## Directions
Send back the line that contains "ID license plate 1T2045W" and all lines following it through the end of the data below, exactly, omitting pictures.

## Records to use
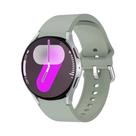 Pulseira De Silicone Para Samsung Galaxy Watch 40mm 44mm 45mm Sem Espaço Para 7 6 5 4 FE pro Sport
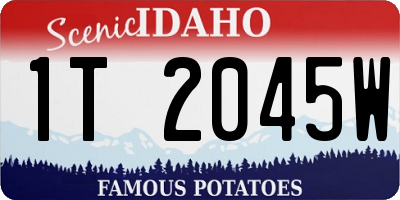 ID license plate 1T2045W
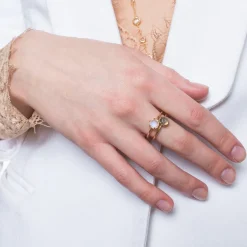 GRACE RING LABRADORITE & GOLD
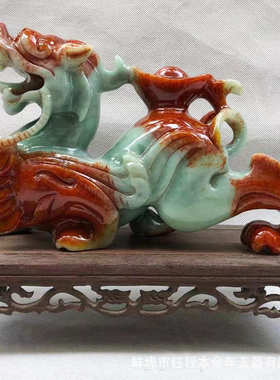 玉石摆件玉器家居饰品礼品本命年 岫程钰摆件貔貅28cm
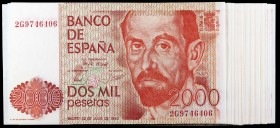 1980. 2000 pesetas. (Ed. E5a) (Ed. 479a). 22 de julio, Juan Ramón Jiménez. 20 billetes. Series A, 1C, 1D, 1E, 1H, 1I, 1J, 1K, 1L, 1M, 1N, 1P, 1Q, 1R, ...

## Task result
 ID license plate 1T2045W
 GRACE RING LABRADORITE & GOLD
 玉石摆件玉器家居饰品礼品本命年 岫程钰摆件貔貅28cm
 1980. 2000 pesetas. (Ed. E5a) (Ed. 479a). 22 de julio, Juan Ramón Jiménez. 20 billetes. Series A, 1C, 1D, 1E, 1H, 1I, 1J, 1K, 1L, 1M, 1N, 1P, 1Q, 1R, ...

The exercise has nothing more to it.